Adding AI for Advanced Protection
The most advanced MXDR platforms bring more than human expertise to your organization. They also harness the power of Artificial Intelligence (AI). While securing endpoints through a centralized platform offers incredible security benefits, there are still gaps with this approach. For example, what about endpoints that stop communicating with the platform? Some devices may “drop off” of an XDR platform due to misconfigurations, update errors, or connectivity issues. It is important that every device remains protected, even when its connectivity to the XDR platform is compromised.
Artificial intelligence (AI) offers an elegant solution to this problem. Advanced AI can recognize malicious files and indicators of compromise (IoCs) through extensive training on expansive data sets.

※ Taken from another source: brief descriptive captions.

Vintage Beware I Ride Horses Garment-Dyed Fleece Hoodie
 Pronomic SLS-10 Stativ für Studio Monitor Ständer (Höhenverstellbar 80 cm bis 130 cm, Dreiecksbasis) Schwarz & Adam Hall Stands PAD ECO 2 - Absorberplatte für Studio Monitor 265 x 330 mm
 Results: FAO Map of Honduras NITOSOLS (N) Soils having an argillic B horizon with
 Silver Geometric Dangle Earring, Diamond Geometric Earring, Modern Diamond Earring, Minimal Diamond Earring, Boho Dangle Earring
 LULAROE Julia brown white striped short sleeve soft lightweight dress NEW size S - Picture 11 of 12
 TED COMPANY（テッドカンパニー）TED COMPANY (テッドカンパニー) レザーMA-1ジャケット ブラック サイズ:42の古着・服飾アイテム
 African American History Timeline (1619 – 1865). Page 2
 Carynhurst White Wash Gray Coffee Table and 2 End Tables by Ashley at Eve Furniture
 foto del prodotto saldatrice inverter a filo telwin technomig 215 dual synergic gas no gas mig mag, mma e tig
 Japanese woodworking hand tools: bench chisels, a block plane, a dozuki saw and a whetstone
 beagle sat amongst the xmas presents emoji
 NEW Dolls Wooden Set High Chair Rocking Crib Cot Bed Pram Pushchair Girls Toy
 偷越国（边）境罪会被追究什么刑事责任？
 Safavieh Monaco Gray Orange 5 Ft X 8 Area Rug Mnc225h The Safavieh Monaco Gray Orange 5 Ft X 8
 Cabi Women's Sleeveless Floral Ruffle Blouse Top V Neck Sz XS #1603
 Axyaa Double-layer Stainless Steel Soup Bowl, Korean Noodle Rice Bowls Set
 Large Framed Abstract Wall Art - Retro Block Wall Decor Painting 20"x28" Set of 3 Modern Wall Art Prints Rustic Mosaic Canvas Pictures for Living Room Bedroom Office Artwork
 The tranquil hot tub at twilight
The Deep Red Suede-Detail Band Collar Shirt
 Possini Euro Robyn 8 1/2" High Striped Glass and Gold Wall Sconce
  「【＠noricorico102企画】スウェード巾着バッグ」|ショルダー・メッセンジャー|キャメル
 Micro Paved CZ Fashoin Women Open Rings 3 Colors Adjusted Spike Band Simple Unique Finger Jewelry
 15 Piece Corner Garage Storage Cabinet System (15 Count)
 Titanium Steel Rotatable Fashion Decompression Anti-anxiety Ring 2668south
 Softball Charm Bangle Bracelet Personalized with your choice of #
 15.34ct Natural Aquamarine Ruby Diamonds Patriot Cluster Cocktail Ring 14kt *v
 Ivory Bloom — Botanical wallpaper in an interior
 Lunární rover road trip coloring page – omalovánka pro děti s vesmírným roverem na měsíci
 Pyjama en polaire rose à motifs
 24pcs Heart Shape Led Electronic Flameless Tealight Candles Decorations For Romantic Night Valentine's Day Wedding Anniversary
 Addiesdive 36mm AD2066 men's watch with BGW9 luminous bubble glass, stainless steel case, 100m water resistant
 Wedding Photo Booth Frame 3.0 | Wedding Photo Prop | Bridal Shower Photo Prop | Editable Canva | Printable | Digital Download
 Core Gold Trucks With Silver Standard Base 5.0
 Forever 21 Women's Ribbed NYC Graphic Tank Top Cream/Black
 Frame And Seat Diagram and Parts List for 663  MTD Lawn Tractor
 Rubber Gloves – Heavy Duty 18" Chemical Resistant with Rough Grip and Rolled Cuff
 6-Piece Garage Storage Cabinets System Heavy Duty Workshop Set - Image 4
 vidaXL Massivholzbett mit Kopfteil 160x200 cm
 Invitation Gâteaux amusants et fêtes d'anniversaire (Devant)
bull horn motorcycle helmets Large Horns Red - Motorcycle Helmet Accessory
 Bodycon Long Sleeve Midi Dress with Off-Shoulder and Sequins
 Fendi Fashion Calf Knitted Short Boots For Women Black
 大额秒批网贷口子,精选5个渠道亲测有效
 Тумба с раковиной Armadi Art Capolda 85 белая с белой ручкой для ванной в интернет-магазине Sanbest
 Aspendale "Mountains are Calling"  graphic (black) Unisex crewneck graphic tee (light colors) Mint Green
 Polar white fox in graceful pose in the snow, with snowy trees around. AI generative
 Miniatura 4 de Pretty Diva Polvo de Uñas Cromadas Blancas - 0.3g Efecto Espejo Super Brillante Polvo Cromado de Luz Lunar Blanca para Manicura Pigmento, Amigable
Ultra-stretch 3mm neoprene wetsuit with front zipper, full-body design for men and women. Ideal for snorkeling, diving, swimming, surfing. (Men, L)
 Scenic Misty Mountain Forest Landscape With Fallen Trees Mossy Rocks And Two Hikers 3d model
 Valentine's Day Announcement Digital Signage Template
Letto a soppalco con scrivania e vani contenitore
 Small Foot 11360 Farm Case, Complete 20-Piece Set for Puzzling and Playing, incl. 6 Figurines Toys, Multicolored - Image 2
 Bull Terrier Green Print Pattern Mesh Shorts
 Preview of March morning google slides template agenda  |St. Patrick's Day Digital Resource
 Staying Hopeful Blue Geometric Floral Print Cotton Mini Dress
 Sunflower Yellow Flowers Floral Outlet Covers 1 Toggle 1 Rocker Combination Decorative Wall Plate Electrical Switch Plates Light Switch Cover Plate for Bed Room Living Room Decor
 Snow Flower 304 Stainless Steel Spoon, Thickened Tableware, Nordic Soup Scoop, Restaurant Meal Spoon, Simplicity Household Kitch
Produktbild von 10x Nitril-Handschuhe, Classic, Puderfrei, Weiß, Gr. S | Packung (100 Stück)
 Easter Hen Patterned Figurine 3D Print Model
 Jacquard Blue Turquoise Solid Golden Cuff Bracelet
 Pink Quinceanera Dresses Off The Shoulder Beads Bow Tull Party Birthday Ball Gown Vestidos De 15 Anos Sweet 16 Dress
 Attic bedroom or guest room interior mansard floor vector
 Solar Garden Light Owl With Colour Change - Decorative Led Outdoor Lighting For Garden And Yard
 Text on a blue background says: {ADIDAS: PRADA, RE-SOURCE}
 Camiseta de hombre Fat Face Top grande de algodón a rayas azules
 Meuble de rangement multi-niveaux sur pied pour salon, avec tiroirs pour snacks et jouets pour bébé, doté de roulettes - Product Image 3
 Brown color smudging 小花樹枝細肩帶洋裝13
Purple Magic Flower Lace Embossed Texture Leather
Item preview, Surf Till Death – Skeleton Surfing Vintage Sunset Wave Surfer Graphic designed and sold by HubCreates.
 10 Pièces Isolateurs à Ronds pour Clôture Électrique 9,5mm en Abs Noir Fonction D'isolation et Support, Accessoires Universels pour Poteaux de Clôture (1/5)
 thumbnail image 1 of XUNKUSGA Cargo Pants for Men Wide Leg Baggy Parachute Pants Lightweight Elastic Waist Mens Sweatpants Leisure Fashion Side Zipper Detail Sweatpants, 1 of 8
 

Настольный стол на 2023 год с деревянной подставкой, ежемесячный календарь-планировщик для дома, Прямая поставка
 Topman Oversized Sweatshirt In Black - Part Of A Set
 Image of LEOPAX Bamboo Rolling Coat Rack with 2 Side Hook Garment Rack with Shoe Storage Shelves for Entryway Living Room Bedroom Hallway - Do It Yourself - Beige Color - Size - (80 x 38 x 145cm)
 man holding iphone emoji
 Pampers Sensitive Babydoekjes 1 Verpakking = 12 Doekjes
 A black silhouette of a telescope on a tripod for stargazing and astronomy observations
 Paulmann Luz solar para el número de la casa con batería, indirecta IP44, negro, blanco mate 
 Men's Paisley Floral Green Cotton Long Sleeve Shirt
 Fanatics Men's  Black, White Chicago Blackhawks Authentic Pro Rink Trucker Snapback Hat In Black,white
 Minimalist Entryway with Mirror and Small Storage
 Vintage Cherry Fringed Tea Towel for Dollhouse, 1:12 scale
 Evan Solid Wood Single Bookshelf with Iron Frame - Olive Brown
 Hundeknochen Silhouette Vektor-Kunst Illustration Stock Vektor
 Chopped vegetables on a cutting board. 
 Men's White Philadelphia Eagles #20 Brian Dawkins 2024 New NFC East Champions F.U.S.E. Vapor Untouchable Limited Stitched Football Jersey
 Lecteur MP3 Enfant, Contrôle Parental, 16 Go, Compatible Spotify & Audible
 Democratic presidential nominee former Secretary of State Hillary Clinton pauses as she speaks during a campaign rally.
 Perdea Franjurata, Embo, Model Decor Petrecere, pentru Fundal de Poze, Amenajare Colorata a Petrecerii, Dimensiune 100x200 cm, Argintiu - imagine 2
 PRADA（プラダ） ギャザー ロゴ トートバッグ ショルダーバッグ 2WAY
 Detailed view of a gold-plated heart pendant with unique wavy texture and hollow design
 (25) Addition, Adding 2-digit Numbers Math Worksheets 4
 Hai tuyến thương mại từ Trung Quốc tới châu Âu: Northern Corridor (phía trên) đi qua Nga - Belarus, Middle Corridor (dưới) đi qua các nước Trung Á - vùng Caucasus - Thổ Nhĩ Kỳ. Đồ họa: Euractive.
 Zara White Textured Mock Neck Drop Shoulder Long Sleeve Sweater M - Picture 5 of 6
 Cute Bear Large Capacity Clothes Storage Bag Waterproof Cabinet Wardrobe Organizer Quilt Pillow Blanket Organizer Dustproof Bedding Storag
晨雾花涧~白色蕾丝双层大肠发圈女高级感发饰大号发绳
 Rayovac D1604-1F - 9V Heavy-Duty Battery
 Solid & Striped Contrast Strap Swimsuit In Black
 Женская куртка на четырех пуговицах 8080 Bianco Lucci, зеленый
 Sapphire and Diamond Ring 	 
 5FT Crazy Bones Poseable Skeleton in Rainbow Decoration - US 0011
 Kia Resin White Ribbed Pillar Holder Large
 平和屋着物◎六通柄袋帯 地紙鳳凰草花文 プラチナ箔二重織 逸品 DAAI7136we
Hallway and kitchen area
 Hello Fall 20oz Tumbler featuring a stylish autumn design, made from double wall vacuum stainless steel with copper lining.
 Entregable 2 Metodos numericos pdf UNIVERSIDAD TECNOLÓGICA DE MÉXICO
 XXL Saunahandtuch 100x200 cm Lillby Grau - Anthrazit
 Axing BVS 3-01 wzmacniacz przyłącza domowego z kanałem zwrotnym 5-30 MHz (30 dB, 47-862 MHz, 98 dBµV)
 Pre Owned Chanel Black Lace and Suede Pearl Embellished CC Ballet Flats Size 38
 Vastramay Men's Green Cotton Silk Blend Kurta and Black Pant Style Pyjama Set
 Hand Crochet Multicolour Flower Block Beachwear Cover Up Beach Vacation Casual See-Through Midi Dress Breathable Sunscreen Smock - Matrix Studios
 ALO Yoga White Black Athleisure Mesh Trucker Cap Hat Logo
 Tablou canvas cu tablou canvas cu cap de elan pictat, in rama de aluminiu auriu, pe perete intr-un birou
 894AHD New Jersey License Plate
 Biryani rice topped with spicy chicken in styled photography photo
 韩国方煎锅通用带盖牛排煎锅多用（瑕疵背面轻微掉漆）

The BlackBerry® seventh-generation Cylance® AI has trained upon billions of file features, allowing it to identify threats with a 99% success rate. By deploying AI-driven security agents directly on the endpoint, devices remain protected from malware and other threats regardless of connectivity. This approach offers organizations an extra layer of continuous security that is not available on many “cloud-only” XDR platforms.
Another significant benefit of using AI-powered endpoint protection is its ability to stop future threats. Since Cylance AI is trained to recognize malicious indicators common to malware, it can also detect and prevent zero-day threats with extremely high efficacy. New malware is being created at a breakneck pace, but the ways it operates largely remain the same from one generation to the next, despite even the most sophisticated efforts to hide and obfuscate those operations. AI is phenomenal at seeing patterns of code, behavior, exploitation, and other features that malware of today and tomorrow will likely use. In testing, unmodified Cylance AI agents over two years old were able to reliably detect and prevent modern threats – an ability BlackBerry calls predictive advantage.
Managed XDR and predictive AI give organizations the human and holistic security needed in their environments from the endpoint to the network.